Publié le Mercredi 13 mars 2024 à 12h00.

Le fiasco électoral du régime islamique en Iran

Deux élections au suffrage universel ont eu lieu le 1er mars. La première pour élire l’Assemblée législative ; la seconde pour choisir les 88 « experts » religieux ayant essentiellement pour mission de désigner le prochain Guide suprême à vie, la plus haute autorité de la République islamique.

 

Comme le prévoit le système électoral, toutes les candidatures avaient été préalablement sélectionnées par le pouvoir en place.

Des chiffres records d’abstention et de votes nuls

Après une campagne électorale morne, passée pratiquement inaperçue, tout le monde attendait de savoir combien de personnes allaient participer à ces élections truquées, censées apporter un minimum de légitimité au régime.

Selon les chiffres officiels, le taux de participation global a été de seulement 41 %. Même si ce chiffre apparaît bien exagéré, vu le vide constaté dans les bureaux de vote, c’est le taux le plus faible de toute l’histoire de la République islamique. De plus, la participation a été inférieure à 30 % dans toutes les grandes villes, dont Téhéran avec 20 % de participation.

Par ailleurs, un nombre très élevé de bulletins avaient été délibérément invalidés par avance par des électeurEs qui avaient, par exemple, écrit des insultes dessus. Résultat, le grand vainqueur de ces élections, ce sont, de loin, les non-votants et les bulletins ­invalidés.

Et tout cela malgré l’intense publicité de dernière minute menée par le Guide et les chefs de son bras armé (Pasdaran), incitant « le peuple musulman » à faire un « Jihad électoral ». L’évidence de cette défaite est telle que seul Khamenei (le Guide suprême actuel) a osé se ridiculiser en déclarant que « malgré tous les efforts des ennemis de l’islam et l’Iran », les Iraniens ont accompli le Jihad !

Les luttes de clans au sein du régime

Contrairement à ce qu’espéraient nombre de « réformateurs », le Guide en place et son entourage, qui sont les vrais détenteurs du pouvoir, avaient décidé de restreindre encore plus le nombre de candidatures autorisées. Ils n’ont validé que celles étant « fusionnelles avec le Guide suprême ».

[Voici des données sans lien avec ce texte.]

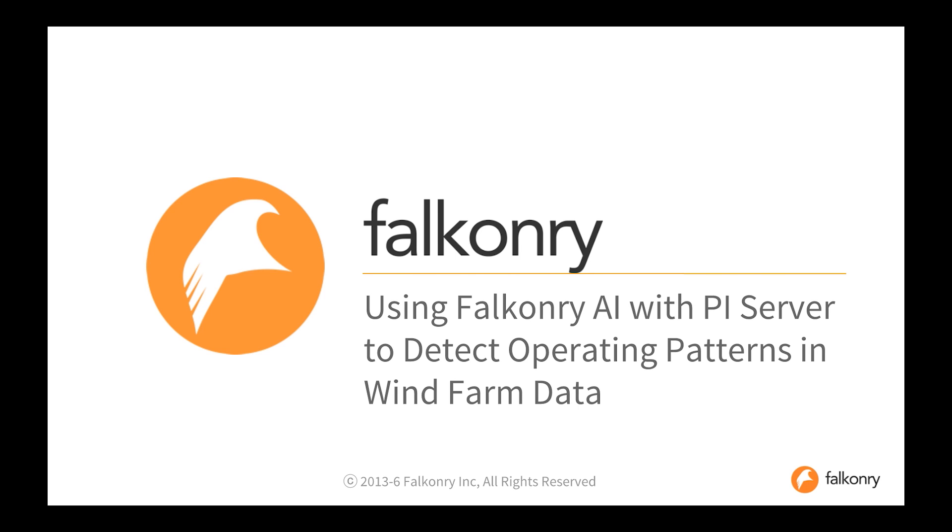In this short video, we're going to show you how to use Falconry AI with PI Server for detection of operating patterns in wind farm data.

Dès le début de la campagne électorale, l’ex-Premier ministre Moussavi avait appelé au boycott. Parmi les nombreuses candidatures invalidées figurait notamment Hassan Rohani, président de la République islamique entre 2013 et 2021, jugé ­insuffisamment ferme.

De son côté, l’ex-Président Khatami avait essayé dans un premier temps « d’offrir » ses services à l’équipe en place. Mais devant le refus catégorique du Guide actuel de valider, ne serait-ce qu’une petite partie des candidats de ce clan, Khatami a finalement décidé de « ne pas voter personnellement », sans pour autant appeler au boycott.

L’impopularité maintenue du régime

Elle s’est exprimée d’abord et avant tout lors du puissant mouvement de 2022-2023 initié par les femmes. Le soutien populaire au soulèvement s’était étendu bien au-delà des couches sociales habituellement en conflit avec le régime, exprimant le dégoût généralisé des gens ordinaires.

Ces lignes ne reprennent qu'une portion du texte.